Perhaps the most consequential new language in the draft guidance is also the most enigmatic. The draft advises that agencies may use projections of an action’s direct and reasonably foreseeable indirect GHG emissions as a measure for assessing potential climate effects. In doing so, agencies should follow “the rule of reason” (also a NEPA truism). The draft goes on to state that agencies should assess “when a sufficiently close causal relationship exists between the proposed action and the effect” and that a “‘but-for’ causal relationship is not sufficient.” However, given that (as the draft acknowledges) the environmental effects of GHG emissions result from cumulative contributions together with those of other projects, it is not clear whether or what effects might be excluded from review for lack of sufficient but-for causal relationship.

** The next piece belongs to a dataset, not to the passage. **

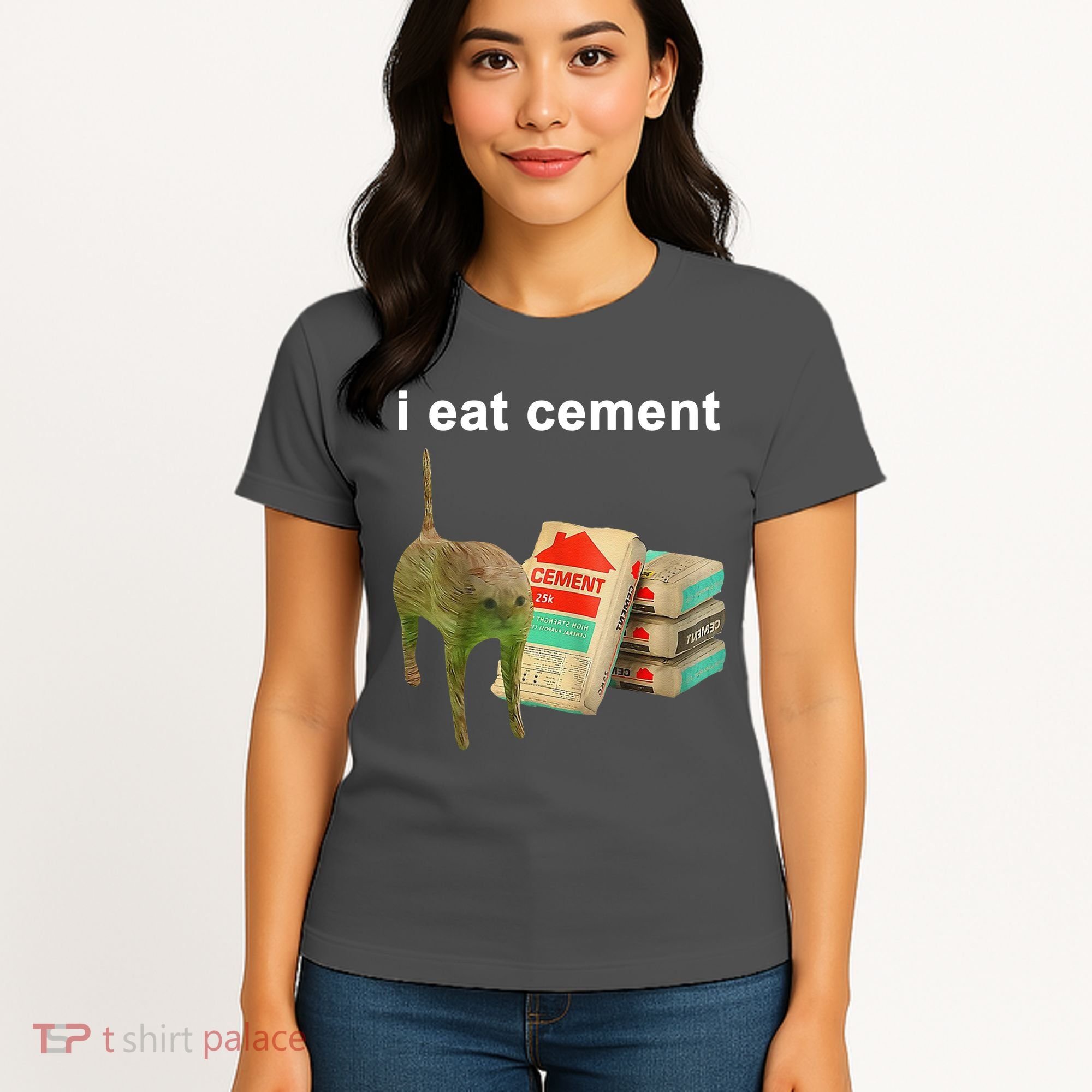 I Eat Cement Cursed Cat Oddly Specific Women's T-Shirt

In addition, the new draft guidance omits some recommendations that were included in the rescinded guidance. For example, the rescinded guidance encouraged agencies to consider GHG-reducing mitigation measures such as carbon capture and enhanced energy efficiency when “reasonable and consistent” with the proposed action. By contrast, the new draft only notes that “NEPA does not require agencies to adopt mitigation measures.” That is an accurate statement of the law. However, NEPA does require agencies to consider mitigation measures and alternatives before making an informed decision to adopt or reject them. The absence of examples such as carbon capture from the guidance will not relieve or limit the agencies’ obligation to consider reasonable options.

The new draft also omits a recommendation in the rescinded guidance that, in addition to considering impacts of a project’s GHG emissions on the environment, NEPA reviews should address impacts of climate change on the project; for example, sea level rise affecting a coastal project site. Other laws and programs (e.g., for floodplain management) may call for such analysis, but arguably such “reverse NEPA” analysis is not itself a NEPA requirement.

In sum, the substantive differences between the new draft and the rescinded guidance are not so large (with the potential exception of the remark on insufficiency of but-for causation). CEQ’s cautious approach likely reflects recent cases such as WildEarth Guardians v. Zinke[1] and Citizens for a Healthy Community v. Bureau of Land Management[2] which respectively struck down the Bureau’s approval of oil and gas lease sales and a master development plan, for failure to sufficiently consider GHG emissions from “downstream” fuel combustion (though both courts ruled that BLM was not required to address the Social Cost of Carbon). No doubt the guidance, when finalized, will be invoked to support more limited GHG analysis by agencies in this administration, consistent with its other NEPA streamlining actions. Nevertheless, the draft does not provide support for categorically characterizing GHG impacts as too indirect, uncertain, attenuated or (on a project-specific basis) de minimis for NEPA consideration, as some may have expected after the President’s prompt rescission of the prior guidance.


[1] Case No. 16-1724 (RC) (March 19, 2019).

[2] Case No. 1:17-cv-02519-LTB-GPG (March 27, 2019).